== DESCRIPTION OF THE TASK ==
An exact copy of the listing below is required.

————

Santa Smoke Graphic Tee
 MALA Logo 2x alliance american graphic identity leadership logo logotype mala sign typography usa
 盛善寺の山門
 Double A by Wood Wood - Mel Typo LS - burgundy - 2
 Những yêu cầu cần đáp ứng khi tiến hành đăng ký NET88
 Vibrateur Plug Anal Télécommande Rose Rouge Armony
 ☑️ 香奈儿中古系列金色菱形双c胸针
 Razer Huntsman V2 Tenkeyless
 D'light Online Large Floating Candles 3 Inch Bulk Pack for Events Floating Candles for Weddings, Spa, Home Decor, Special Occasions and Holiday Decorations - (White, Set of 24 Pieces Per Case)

————

== OUTPUT FOR THIS TASK ==
Santa Smoke Graphic Tee
 MALA Logo 2x alliance american graphic identity leadership logo logotype mala sign typography usa
 盛善寺の山門
 Double A by Wood Wood - Mel Typo LS - burgundy - 2
 Những yêu cầu cần đáp ứng khi tiến hành đăng ký NET88
 Vibrateur Plug Anal Télécommande Rose Rouge Armony
 ☑️ 香奈儿中古系列金色菱形双c胸针
 Razer Huntsman V2 Tenkeyless
 D'light Online Large Floating Candles 3 Inch Bulk Pack for Events Floating Candles for Weddings, Spa, Home Decor, Special Occasions and Holiday Decorations - (White, Set of 24 Pieces Per Case)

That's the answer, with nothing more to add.